Ketchup, Correlation and Outliers

The classic saying "correlation does not imply causation" is still an incredibly important thing to keep in mind when doing data analysis. Spurious regressions will sneak up on you and the next thing you're doing is trying to predict the value of the Mexican Peso based off of the amount of rainfall in London.

Keep the following in mind when doing data analysis and stating that there is a causal relationship: Does this relationship make sense? That simple question is not asked often enough - don't make that mistake.

Another common pitfall is discarding outliers in order to establish a model that fits the data better. Tampering with data is very dangerous and needs to be handled in a completely transparent way when presenting your analysis.

Hot Dog Example:

When I picked up a bottle of ketchup and received an earful from a Chicago local last week, I formed a hypothesis about what the relationship between hot dog sales and ketchup packets might look like.

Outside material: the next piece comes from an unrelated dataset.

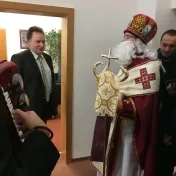 Študenti tradične zavinšovali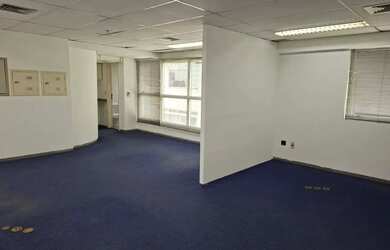 Imagem: O depósito possui 64m² de Área e está localizado em Bairro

Question: "Does this relationship make sense?"

Answer: Yes. As restaurants sell more hot dogs, the number of condiments they hand out goes up.

Question: "Should I remove the outlier in order to fit a model with a better R-Squared value?"

Answer: If you are in data exploration mode, it's worth keeping around. The pro-mustard / anti-ketchup City of Chicago certainly appears to be an outlier. If you are building a model and this is the only city out of thousands which stands out, you may choose to build a model without it or simply build a model which isn't sensitive to outliers.

Obviously, this isn't real data. However, it does illustrate the need to think about how one thing must affect another in order to be considered causal in a relationship and whether or not an outlier is worth keeping around.